Initially, collaborators from the EMBL research groups of Judith Zaugg and Kyung-Min Noh developed a way to 'fix' cells to protect fragile RNA. Additionally, computational biologists from Oliver Stegle's EMBL research group built a customised tool to deconvolute and decode the complex DNA barcoding system needed to build this technology and enable further downstream data analysis. And though this decoder was built for this project specifically, the scientists expect it can be applied to other research.

Researchers from Wolfgang Huber's and Sasha Dietrich's research groups at EMBL and Universitätsklinikum Heidelberg, respectively, were already screening B-cell lymphoma cells for other research projects. Consequently, they provided primary patient samples with high numbers of genomic variants to help test the tool. Lindenhofer then used these samples to observe connections between variants and disease. He found that cancer cells with more variants had increased activated signals that helped cancer grow.

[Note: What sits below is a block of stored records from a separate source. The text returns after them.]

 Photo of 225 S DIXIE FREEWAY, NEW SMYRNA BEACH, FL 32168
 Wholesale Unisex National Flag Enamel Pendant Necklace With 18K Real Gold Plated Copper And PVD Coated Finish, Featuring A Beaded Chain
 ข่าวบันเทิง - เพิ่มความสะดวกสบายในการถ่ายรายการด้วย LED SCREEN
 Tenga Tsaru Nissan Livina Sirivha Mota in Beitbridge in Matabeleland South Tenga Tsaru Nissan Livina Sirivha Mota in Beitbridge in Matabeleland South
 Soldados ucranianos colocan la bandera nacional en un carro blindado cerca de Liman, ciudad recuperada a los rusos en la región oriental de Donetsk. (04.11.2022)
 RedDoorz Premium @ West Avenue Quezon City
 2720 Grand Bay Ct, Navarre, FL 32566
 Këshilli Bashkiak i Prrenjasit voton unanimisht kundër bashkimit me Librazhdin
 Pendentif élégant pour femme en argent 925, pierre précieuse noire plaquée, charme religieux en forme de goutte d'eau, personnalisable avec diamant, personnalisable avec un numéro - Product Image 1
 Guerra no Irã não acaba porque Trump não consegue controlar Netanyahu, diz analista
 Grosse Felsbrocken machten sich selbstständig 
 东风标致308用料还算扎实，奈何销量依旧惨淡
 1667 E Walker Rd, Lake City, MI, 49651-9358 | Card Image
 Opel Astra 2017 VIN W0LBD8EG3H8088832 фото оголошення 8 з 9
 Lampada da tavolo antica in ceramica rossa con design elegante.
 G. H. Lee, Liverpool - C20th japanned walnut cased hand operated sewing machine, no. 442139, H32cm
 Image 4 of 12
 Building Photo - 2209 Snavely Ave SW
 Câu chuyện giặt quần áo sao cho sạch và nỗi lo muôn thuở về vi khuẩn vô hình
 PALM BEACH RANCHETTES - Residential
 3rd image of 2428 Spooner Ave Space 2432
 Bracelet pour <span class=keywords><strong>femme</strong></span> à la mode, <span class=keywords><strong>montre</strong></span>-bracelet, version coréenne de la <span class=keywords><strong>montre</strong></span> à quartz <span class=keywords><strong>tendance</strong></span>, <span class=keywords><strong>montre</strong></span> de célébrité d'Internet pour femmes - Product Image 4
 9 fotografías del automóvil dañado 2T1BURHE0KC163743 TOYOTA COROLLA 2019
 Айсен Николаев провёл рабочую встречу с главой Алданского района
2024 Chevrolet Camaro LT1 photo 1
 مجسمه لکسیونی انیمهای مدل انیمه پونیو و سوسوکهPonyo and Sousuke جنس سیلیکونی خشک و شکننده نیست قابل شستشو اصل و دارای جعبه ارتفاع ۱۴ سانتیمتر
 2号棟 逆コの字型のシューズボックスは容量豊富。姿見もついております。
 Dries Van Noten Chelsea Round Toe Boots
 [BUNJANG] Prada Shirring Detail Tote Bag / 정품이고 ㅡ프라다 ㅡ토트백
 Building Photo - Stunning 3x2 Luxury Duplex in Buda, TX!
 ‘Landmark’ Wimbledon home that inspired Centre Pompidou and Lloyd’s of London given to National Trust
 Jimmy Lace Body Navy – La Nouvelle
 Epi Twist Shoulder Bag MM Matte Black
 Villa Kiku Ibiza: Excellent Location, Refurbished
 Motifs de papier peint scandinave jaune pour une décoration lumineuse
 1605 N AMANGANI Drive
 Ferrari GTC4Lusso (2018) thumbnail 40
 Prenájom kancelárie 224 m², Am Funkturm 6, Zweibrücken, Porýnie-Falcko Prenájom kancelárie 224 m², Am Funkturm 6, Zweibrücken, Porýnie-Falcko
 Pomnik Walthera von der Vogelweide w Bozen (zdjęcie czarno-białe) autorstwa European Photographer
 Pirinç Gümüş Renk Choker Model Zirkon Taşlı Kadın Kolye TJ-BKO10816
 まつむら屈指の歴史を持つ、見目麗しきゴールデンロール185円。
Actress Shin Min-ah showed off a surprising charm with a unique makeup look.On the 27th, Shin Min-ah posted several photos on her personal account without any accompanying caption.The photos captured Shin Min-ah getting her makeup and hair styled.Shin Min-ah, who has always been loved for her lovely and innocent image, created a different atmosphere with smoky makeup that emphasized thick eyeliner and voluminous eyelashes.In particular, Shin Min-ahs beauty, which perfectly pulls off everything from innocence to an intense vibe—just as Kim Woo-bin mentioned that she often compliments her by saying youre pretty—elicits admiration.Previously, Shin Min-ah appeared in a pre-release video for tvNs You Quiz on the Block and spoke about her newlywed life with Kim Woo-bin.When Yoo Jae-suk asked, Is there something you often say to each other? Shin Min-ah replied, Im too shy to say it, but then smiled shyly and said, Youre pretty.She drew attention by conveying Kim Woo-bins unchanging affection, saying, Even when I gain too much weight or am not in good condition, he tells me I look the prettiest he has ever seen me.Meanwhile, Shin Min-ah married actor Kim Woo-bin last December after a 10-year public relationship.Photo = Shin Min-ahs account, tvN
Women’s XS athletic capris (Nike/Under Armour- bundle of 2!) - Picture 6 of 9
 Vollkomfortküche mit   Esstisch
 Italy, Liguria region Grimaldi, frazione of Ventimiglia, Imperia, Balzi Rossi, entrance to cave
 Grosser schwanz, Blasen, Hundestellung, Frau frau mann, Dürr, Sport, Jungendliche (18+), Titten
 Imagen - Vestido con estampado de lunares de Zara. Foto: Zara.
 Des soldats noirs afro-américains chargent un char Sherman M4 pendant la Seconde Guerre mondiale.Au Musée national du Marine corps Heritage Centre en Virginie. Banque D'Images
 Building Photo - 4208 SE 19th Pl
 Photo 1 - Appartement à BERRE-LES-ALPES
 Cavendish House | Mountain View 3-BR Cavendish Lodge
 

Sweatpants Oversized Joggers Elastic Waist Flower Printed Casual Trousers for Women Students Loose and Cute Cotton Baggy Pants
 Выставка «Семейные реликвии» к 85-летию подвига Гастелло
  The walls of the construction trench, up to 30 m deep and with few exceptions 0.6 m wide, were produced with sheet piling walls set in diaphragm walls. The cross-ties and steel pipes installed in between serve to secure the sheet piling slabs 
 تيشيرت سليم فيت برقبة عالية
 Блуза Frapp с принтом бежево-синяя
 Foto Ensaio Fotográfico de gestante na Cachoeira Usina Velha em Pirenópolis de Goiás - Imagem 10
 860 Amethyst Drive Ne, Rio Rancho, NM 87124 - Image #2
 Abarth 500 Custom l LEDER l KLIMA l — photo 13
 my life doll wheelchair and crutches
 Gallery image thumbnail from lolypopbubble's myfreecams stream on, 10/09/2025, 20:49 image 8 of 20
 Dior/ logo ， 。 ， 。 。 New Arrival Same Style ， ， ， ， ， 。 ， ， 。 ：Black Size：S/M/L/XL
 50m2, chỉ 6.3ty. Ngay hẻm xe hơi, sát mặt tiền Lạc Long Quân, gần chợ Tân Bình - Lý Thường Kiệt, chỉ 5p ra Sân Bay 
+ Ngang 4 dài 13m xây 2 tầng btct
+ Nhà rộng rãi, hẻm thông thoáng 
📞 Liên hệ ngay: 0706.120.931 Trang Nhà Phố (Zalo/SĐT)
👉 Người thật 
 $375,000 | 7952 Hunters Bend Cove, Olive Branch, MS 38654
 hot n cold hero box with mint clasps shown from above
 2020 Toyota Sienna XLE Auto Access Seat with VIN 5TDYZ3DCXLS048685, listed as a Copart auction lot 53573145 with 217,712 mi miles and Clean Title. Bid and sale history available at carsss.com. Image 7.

"We are using these small reaction chambers to read out DNA and RNA in the same single cell," Lindenhofer said. "This lets us accurately tell whether a variant is on one or both copies of a gene and measure its effects on gene expression in the same single cells. With the B-cell lymphoma cells, we were able to show that depending on the variant makeup of cells, they had different propensities to belong to distinct cellular states. We could also see that increasing variants in a cell actually were associated with a more malignant B-cell lymphoma state."

The many opportunities from a single-cell sequencing tool

The SDR-seq tool now offers genomic biologists scale, precision, and speed to help better understand genetic variants. While it could eventually play a role in treating a broad range of complex diseases, it may first help in developing better screening tools for diagnosis.

"We have a tool that can link variants to disease," said Lars Steinmetz, a senior author on the paper, an EMBL group leader, and a genetics professor at Stanford University School of Medicine. "This capability opens up a wide range of biology that we can now discover. If we can discern how variants actually regulate disease and understand that disease process better, it means we have a better opportunity to intervene and treat it."